--- MATERIAL SUPPLIED Enclosed Below ---
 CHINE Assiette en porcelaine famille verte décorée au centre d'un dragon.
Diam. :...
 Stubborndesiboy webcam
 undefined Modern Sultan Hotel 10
--- End of Enclosed MATERIAL SUPPLIED ---
--- MATERIAL SUPPLIED Enclosed Below ---
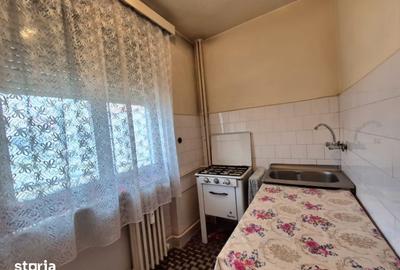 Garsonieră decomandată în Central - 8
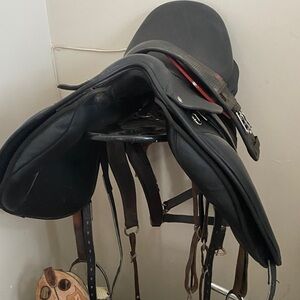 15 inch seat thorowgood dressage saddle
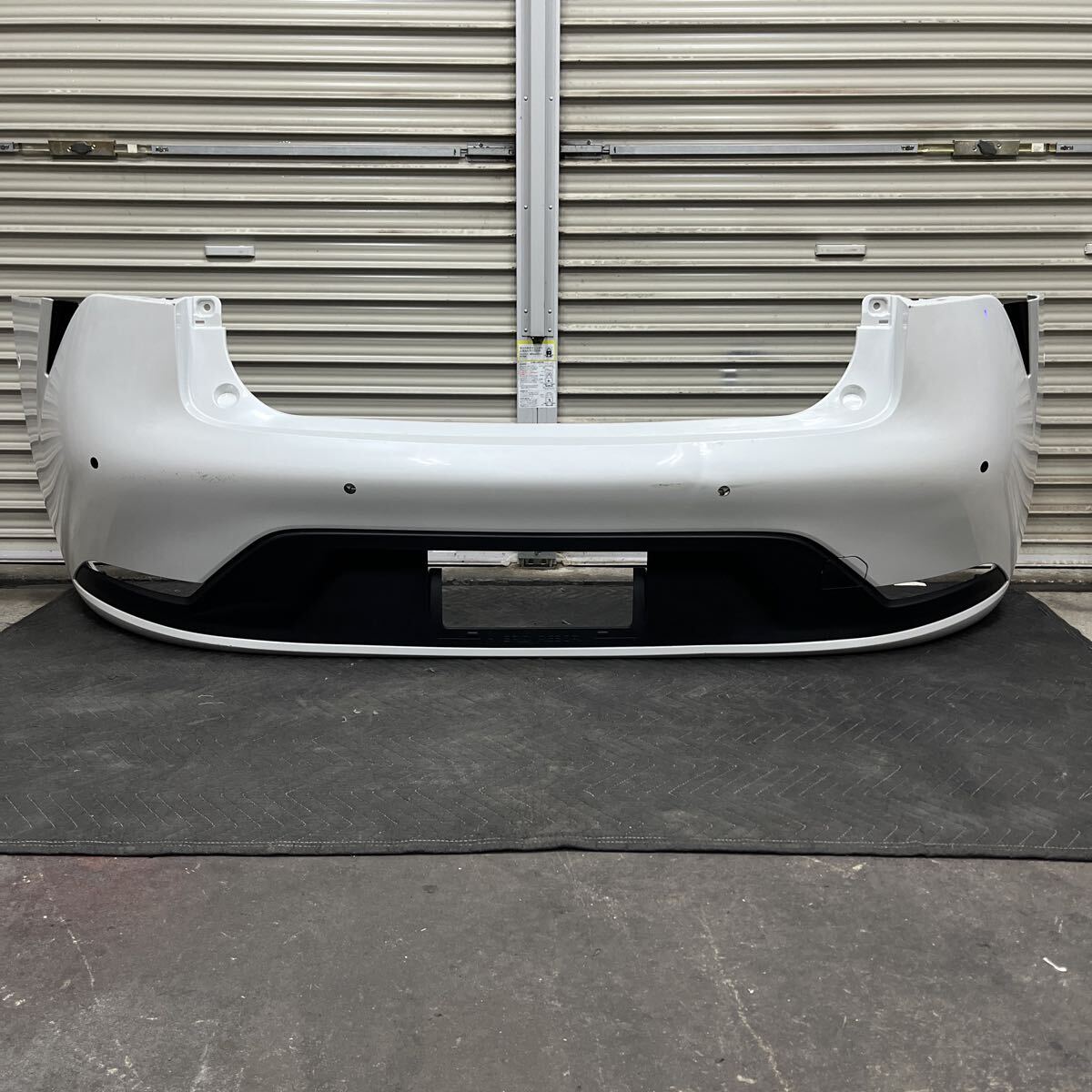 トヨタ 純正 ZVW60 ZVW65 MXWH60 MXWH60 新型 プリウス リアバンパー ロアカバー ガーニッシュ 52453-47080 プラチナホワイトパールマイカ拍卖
--- End of Enclosed MATERIAL SUPPLIED ---
--- MATERIAL SUPPLIED Enclosed Below ---
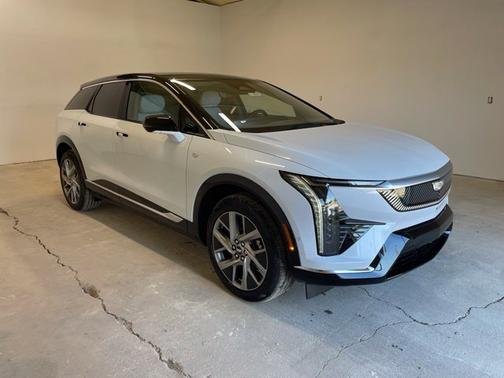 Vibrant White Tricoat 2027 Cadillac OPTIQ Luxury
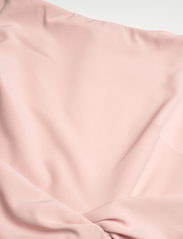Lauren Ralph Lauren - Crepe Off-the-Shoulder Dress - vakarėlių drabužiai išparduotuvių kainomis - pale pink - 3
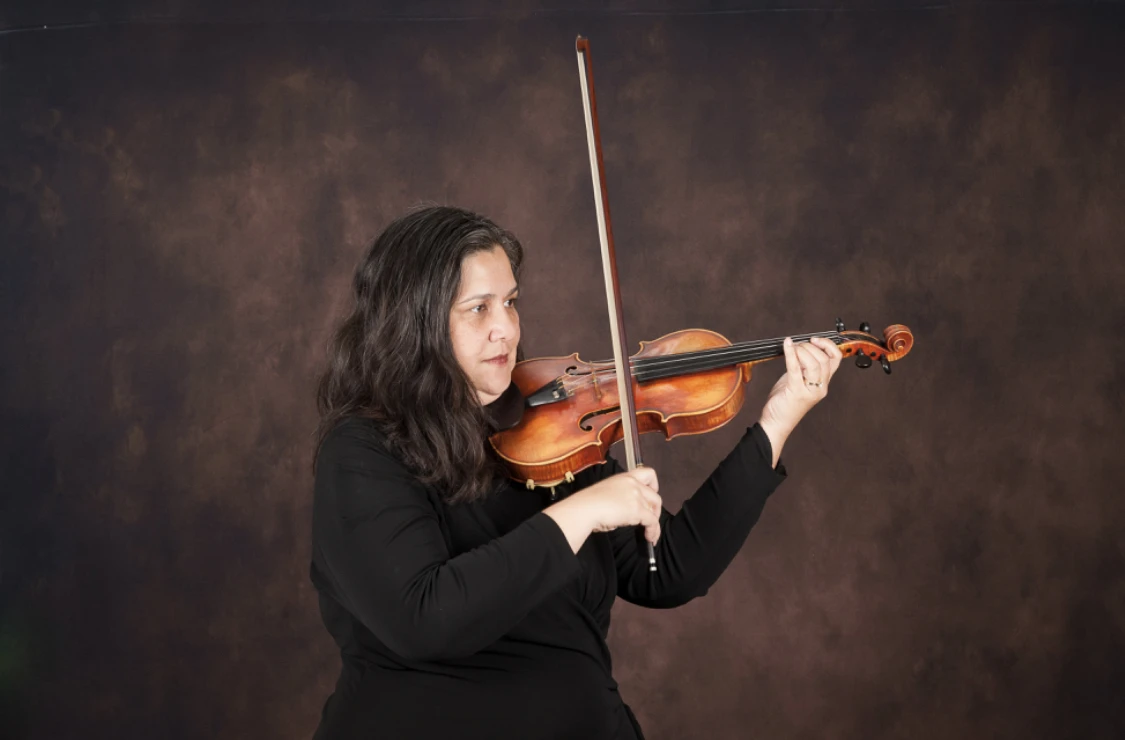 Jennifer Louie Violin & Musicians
--- End of Enclosed MATERIAL SUPPLIED ---
=== WHAT YOU WILL DO ===
Print again the lines of the entries above that fall between the line holding "CHINE Assiette en" and the line holding "undefined Modern Sultan Hotel 10", inclusive, exactly as they stand.

=== EXERCISE RESULT ===
 CHINE Assiette en porcelaine famille verte décorée au centre d'un dragon.
Diam. :...
 Stubborndesiboy webcam
 undefined Modern Sultan Hotel 10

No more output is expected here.